Work to be completed ->
Make an exact copy, from the records below, of the lines from the line containing "Concept dragster truck" to the line containing "Disney Tête de", both lines included, excluding pictures.

Source material ->
•••••

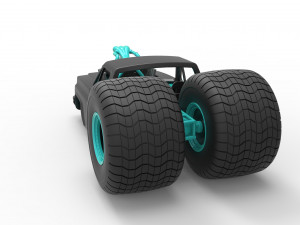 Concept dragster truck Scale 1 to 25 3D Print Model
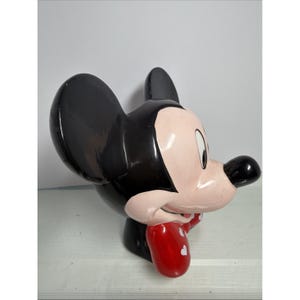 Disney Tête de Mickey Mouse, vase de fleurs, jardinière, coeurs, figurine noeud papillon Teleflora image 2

•••••

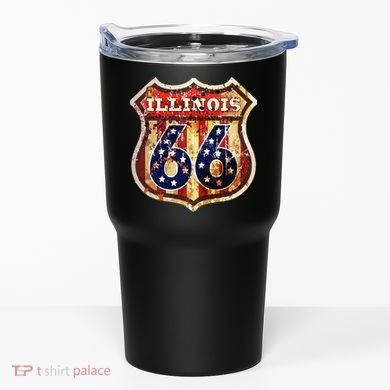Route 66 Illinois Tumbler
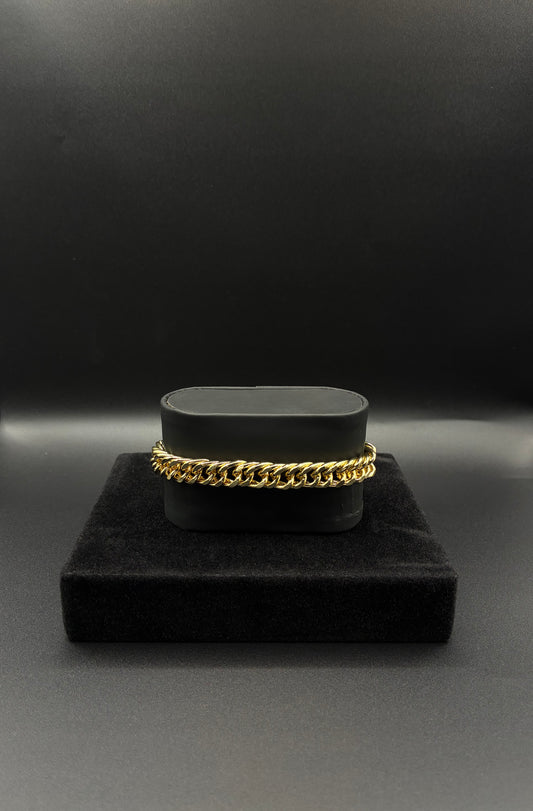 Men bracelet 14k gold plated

•••••

Solved exercise ->
 Concept dragster truck Scale 1 to 25 3D Print Model
 Disney Tête de Mickey Mouse, vase de fleurs, jardinière, coeurs, figurine noeud papillon Teleflora image 2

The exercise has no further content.